What Color is Mars?
The question of color on Mars has come up again and again. One image of Mars shows a giant green splotch. Some images show it to have a blue sky, others a red sky, and in yet others the sky is butterscotch. Rocks look blue, or red, or green.
Of course, the pseudoscientists have jumped all over these so-called "anomalies", making the usual claims of NASA coverups and the like. But in fact what's going on is, as usual, the pseudoscientists are grossly misinterpreting the images.
Astronomical digital imaging is a fiercely complex topic. Most people assume that taking a digital picture is just like taking one with film: you point the camera, take the shot, and then look at the pretty color picture. In reality, things are a lot tougher than that. Before going on with this page, I strongly urge you to read this excellent essay about color imaging by astronomer (and my friend) Zolt Levay, who is one of the people responsible for making the gorgeous Hubble press images.
After reading that essay, you can see that astronomical images are taken in different filters. Each image is not really color, but greyscale (what some people erroneously call "black and white"), with each pixel representing the brightness of the target in the filter's color. This can be seen in the following images, which I have shamelessly stolen from Zolt's page.
The image on the left is a full color picture of an umbrella. The top row shows how the image has been decomposed into its three primary colors: red, green, and blue. The bottom row shows how an astronomer would take the picture, taking three greyscale images each with its appropriate filter. Note how, for example, the umbrella's yellow panel on the left changes in each greyscale image, and compare it to the yellow panel on the right, which lies partly in shadow.

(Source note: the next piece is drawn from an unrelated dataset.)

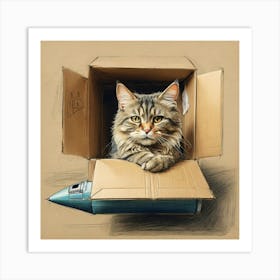 Cat In A Box 25 Art Print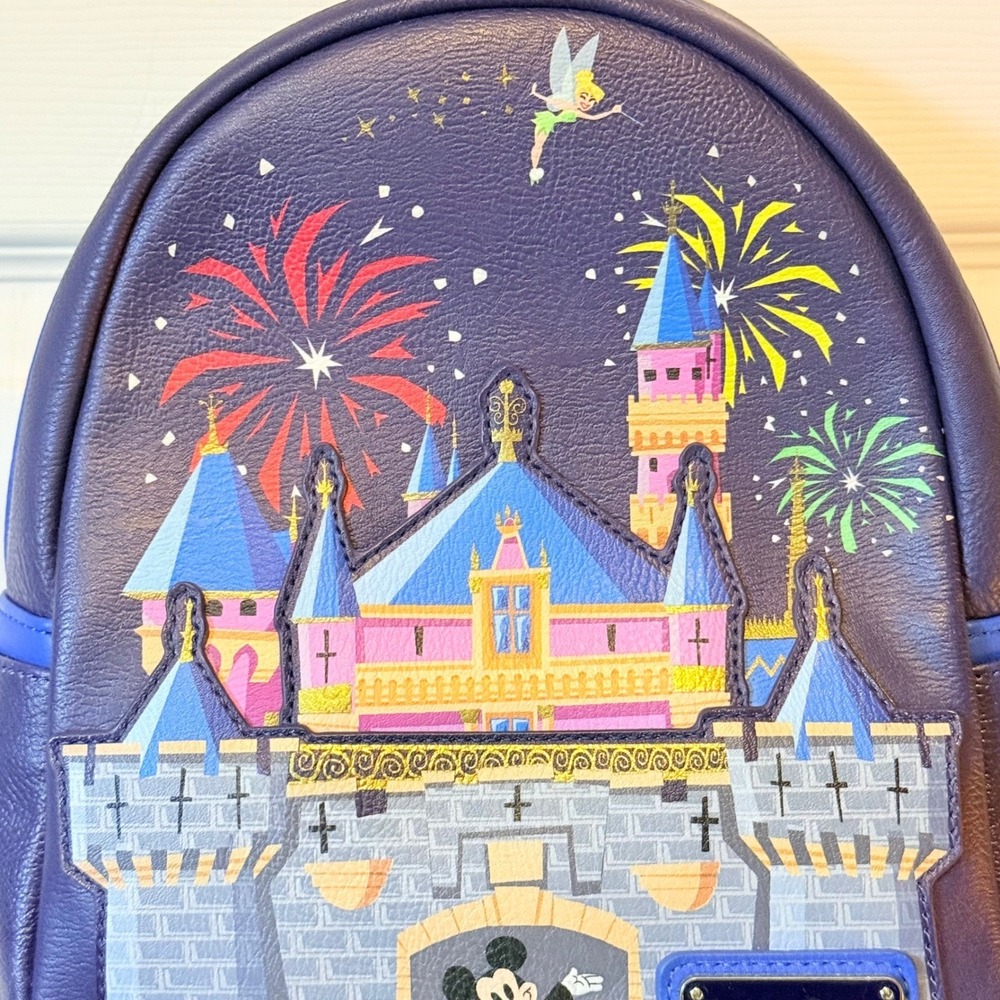 Disney Parks Loungefly Disneyland Sleeping Beauty Castle Fireworks Mini Backpack - Picture 4 of 8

The color in the final image depends on many things: the brightness in the real object (in this case, the umbrella), the filter itself (how much light does the filter let through? What color range, exactly? etc.), the lighting, the setting on your monitor, and other more arcane factors. This makes it not only difficult to make a "true color" picture; in fact it's impossible. There is simply no way to make something look in a picture exactly as it does when you are standing in front of it. Think of how color in an object can change due to just when you see it; the setting Sun makes a sheet of white paper look red, for example.
What does this have to do with Mars? Everything! The martian rovers, as an example, carry a set of filters with them. These filters are designed to maximize the science returned from Spirit and Opportunity. They are not really designed to make a "true color" picture; that is, what you would see if you were standing on Mars. When the images from Mars are returned to Earth, and then processed to make a color image, what you are seeing at best is an approximation to what your eye can see. In reality, it may be very different. The filters on the rovers do not correspond to the color sensitivity of the human eye. Some of the filters only let through infra-red light, which is invisible to our eyes!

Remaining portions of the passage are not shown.